Follow similar steps to the github pages in-class activity.¶
- Back in a web browser, open your github.com account and make a new empty repository called
basic_stats
or some other name that describes what the code does. Edit the repository name and description.
- Include a LICENSE and README.md.
- Copy the .git URL to your clipboard in preparation to clone the repository to your local computer.
Clone the empty basic_stats repository and copy in your python files.¶
Use the git clone
command to make a local copy of your repository that you can modify and push.
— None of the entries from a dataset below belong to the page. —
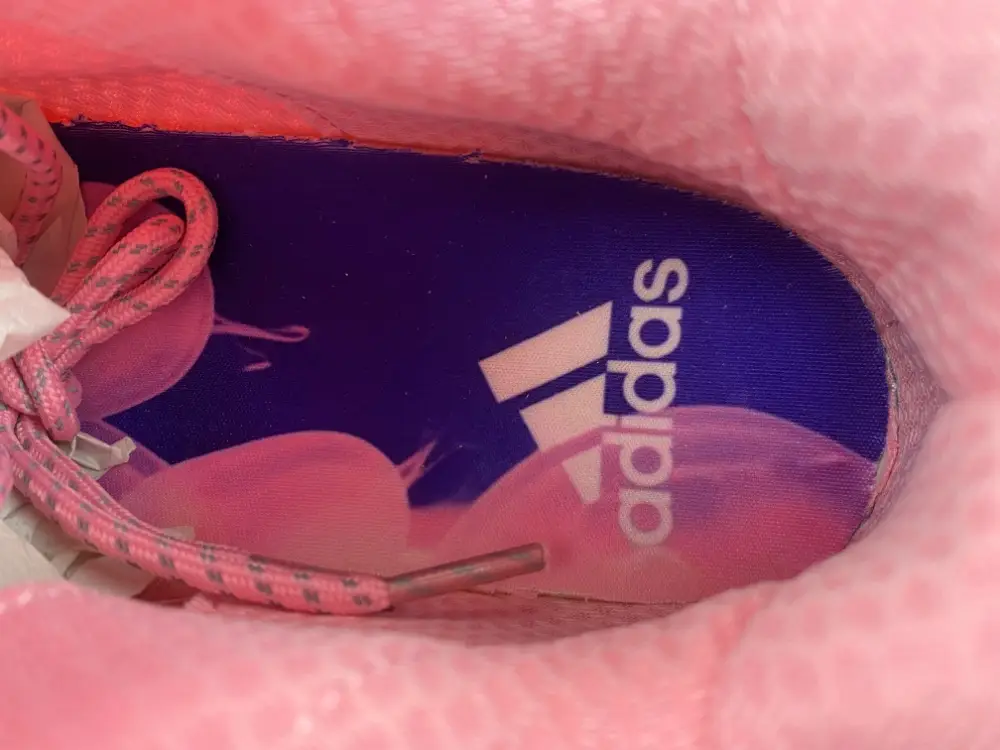 Adidas ADISTAR JELLYFISH 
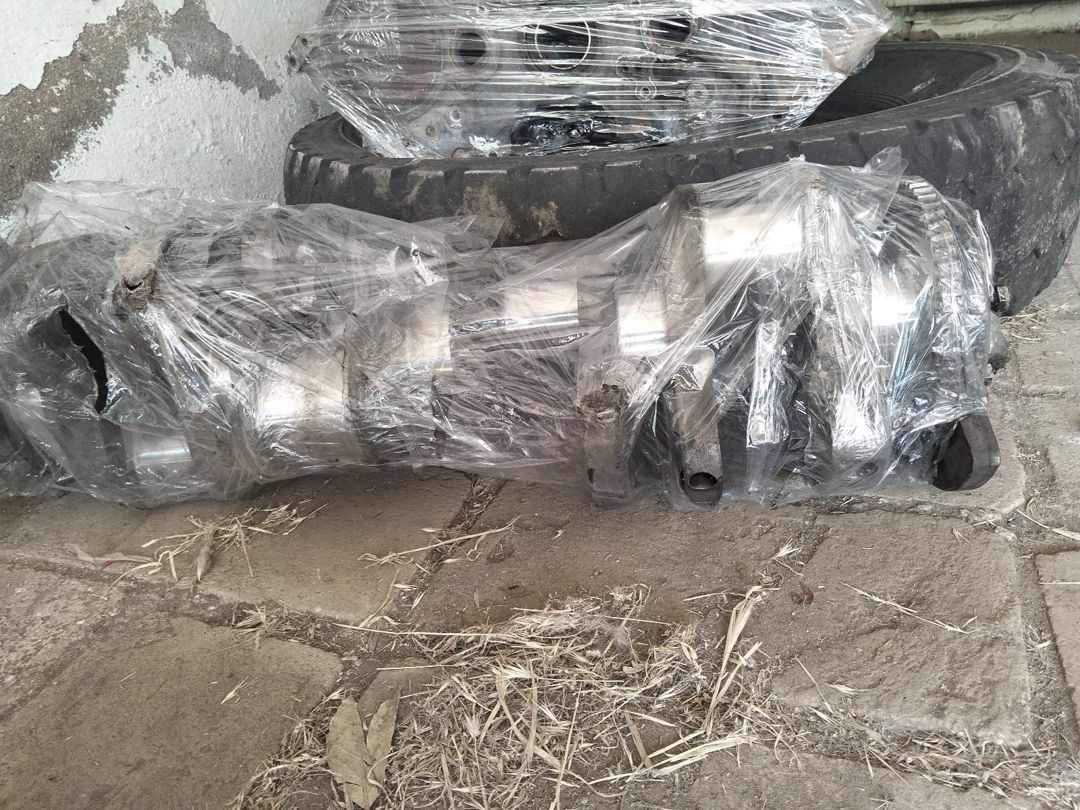Kamaz kolenvalı — Ehtiyat hissələri və aksesuarlar, Lənkəran (2)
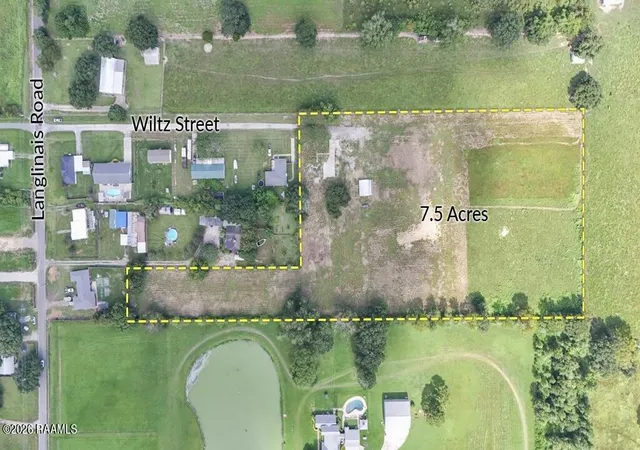 1st image of 124 Wiltz St, Youngsville, LA 70592 | MLS# 2600007584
]$ cd ~ # Change to your home directory
]$ cd git_repos/
]$ git clone [repository_url].git #this should be copied from the code dropdown.
]$ cd [repository_name] # Change into the directory you created.
- Add setup.py to the repository folder.
- Make a folder called basic_stats.py
- Add init.py to this folder. Modify according to the air_sea example.
- Add basic_stats.py to this folder.
- Synchronize your changes using the add, commit, push sequence that we have used.
Step 6: What to turn in.¶
Upload the contents of your new github repository for basic_stats to the assignment upload. Paste the URL for your repository into the assignment submission text box, so I can have a look at your repo.